Work task: Give again, exactly as written, the lines of the records below from the line with "1990 framed photographic" to the line with "Produktbild von Gästehandtücher". Both end lines count; pictures do not.

Task inputs:
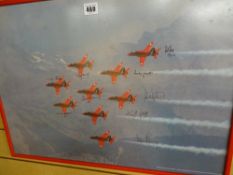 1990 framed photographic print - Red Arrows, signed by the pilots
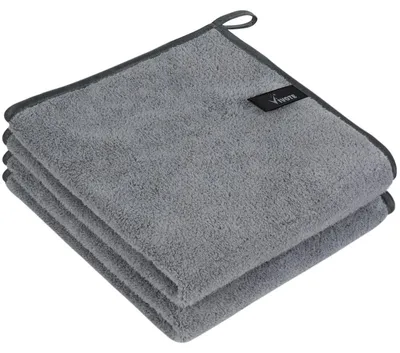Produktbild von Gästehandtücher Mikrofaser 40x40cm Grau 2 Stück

* * *

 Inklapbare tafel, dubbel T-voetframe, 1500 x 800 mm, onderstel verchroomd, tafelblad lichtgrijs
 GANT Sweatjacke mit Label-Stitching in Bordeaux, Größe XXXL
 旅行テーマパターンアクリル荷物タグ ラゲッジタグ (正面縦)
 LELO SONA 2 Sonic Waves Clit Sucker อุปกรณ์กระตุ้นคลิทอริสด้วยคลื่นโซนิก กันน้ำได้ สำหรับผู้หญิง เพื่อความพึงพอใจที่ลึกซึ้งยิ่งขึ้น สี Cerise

Task response:
 1990 framed photographic print - Red Arrows, signed by the pilots
Produktbild von Gästehandtücher Mikrofaser 40x40cm Grau 2 Stück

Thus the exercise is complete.